Desde o início do mês de fevereiro os Cartórios brasileiros passaram a ter uma nova atribuição: comunicar atos suspeitos de corrupção, lavagem de dinheiro e financiamento ao terrorismo ao Conselho de Controle de Atividades Financeiras (COAF), órgão hoje vinculado ao Banco Central do Brasil.
A norma, instituída pelo Provimento nº 88/2019 da Corregedoria Nacional de Justiça, órgão vinculado ao Conselho Nacional de Justiça (CNJ), especifica que os cartórios das diferentes especialidades – registro de imóveis, tabelionatos de notas, tabelionatos de protesto, registro de títulos e documentos – devem estar atentos a uma série de requisitos a serem observados em ações cotidianas das pessoas físicas e jurídicas, como a compra e venda de imóveis, procurações, dívidas e a constituição de empresas.

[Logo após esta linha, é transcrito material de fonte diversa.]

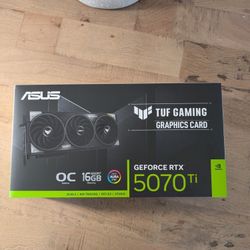 ASUS TUF Gaming GeForce RTX 5070 Ti 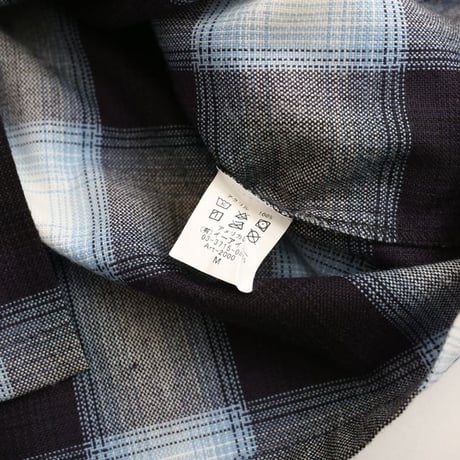 Caltop Acrylic Ombre L/S Shirt MADE IN USA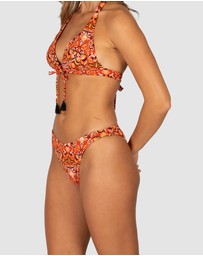 Baku Swimwear - Free Spirit High Leg Rio Bikini Bottom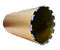 BROCA SERRA COPO DIAMANTADA PARA PERFURATRIZ 180MM X 370MM 1.1/4 DOURADA (PRODUTO IMPORTADO) - Imagem 5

A publicação do regramento, embora tardio no Brasil – uma vez que a Lei de Lavagem de Dinheiro data de 1998 (Lei Federal nº 9.613), coloca os cartórios do País em pé de igualdade com seus congêneres internacionais de países como França, Alemanha, Portugal, Itália e Espanha.
Neste último, os cartórios tiveram atuação reconhecida internacionalmente pelo Grupo de Ação Financeira contra a Lavagem de Dinheiro e Financiamento ao Terrorismo (GAFI), entidade responsável pelo prevenção aos crimes de lavagem de dinheiro em todo o mundo: “entre os sujeitos não financeiros obrigados a comunicar, o fortalecimento das medidas preventivas mais significativo se deu no setor do notariado, que obteve êxitos consideráveis como consequência da criação do Órgão Centralizado de Prevenção (OCP), que aumentou a conscientização e a capacidade de todo o setor”, destacou o relatório do órgão ao ser referir às mais de 180 mil operações suspeitas comunicadas pelos notários espanhóis desde 2006.

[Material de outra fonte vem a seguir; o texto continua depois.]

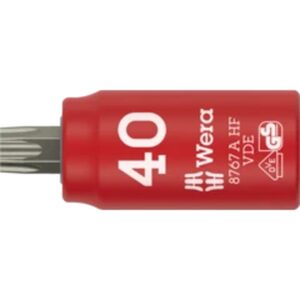 05005920001 8767 A VDE HF Douille-embout TORX® Zyklop isolée avec emmanchement 1/4" fonction de retenue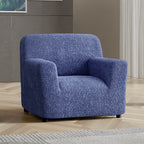 Microfibra - Funda Sillon Blue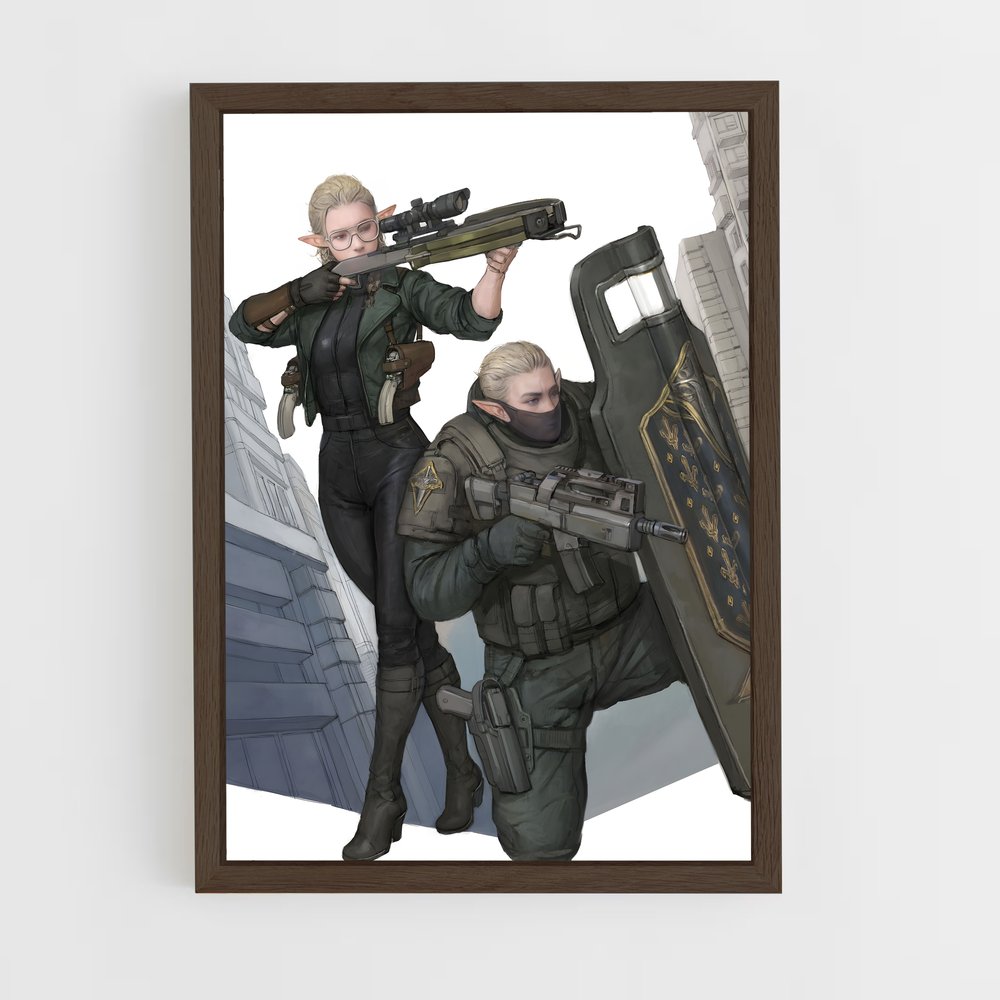 ap-shadowrun-1 cadre Bois foncé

Na prática, o Provimento nacional estabelece uma série de situações onde as comunicações serão feitas de forma automática e obrigatória, como nos casos de registros de transmissões sucessivas do mesmo bem, em período não superior a seis meses, nas operações que envolvam o pagamento ou recebimento de valor em espécie, igual ou superior a R$ 30 mil, nos registros nos quais constem diferenças entre a avaliação fiscal do bem e o valor declarado, ou entre o valor patrimonial e o valor declarado, na operação ou conjunto de operações relativas a bens móveis de luxo ou alto valor, assim considerados os de valor igual ou superior a R$ 300 mil, entre outras casos.
Também haverá casos onde a operação é considerada suspeita, cabendo ao notário ou ao registrador avaliar diretamente se deve ou não ser comunicada: como nas situações de operações incompatíveis com o patrimônio ou com a capacidade econômico-financeira do cliente; nas cujo o beneficiário final não seja possível identificar; nas que envolvem países ou dependências considerados pela Receita Federal de tributação favorecida e/ou regime fiscal privilegiado, nas que indiquem substancial ganho de capital em um curto período de tempo, entre outros 28 casos previstos na norma.

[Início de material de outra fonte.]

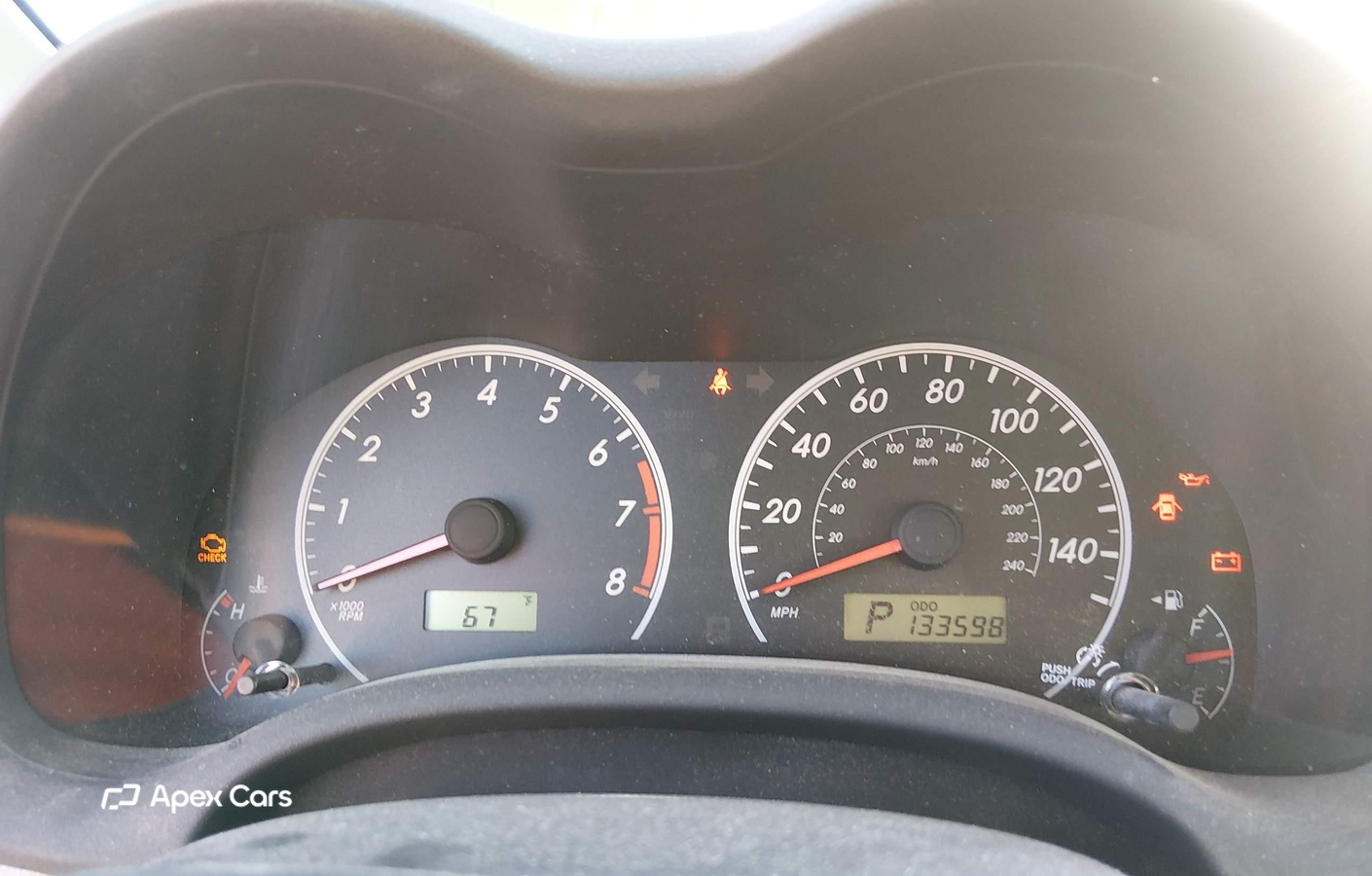 Toyota Corolla 2013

Para fazer frente a esta nova ação de colaboração com o Estado brasileiro, os Cartórios de todo o País tiveram que cadastrar um profissional no Sistema de Controle de Atividades Financeiras (SISCOAF), chamado oficial de cumprimento, que será responsável por comunicar via sistema eletrônico as operações suspeitas. Nas comunicações deverão ser preenchidos os dados do cliente, uma breve descrição da ação realizada, o valor da operação e a data do ocorrido. A comunicação é sigilosa e cabe ao COAF, mediante análise técnica, decidir se o ato deverá ou não ser investigado.
Pessoas politicamente expostas
À exemplo do que ocorre em outros países e também na própria legislação brasileira, as pessoas politicamente expostas mereceram tratamento diferenciado na regulamentação do CNJ. O texto destaca que nos casos que envolvam detentores de mandatos eletivos dos Poderes Executivo e Legislativo, membros do Poder Judiciário e ministros de Estado, assim como no de seus representantes, familiares e pessoas de relacionamento próximo, deverão ser executados os procedimentos previstos pela Resolução nº 29/2017.
Entre os procedimentos especiais estão: obter autorização prévia do sócio administrador para o estabelecimento de relação de negócios ou para o prosseguimento de relações já existentes, adotar as devidas diligências para estabelecer a origem dos recursos e conduzir o monitoramento reforçado e contínuo da relação de negócio.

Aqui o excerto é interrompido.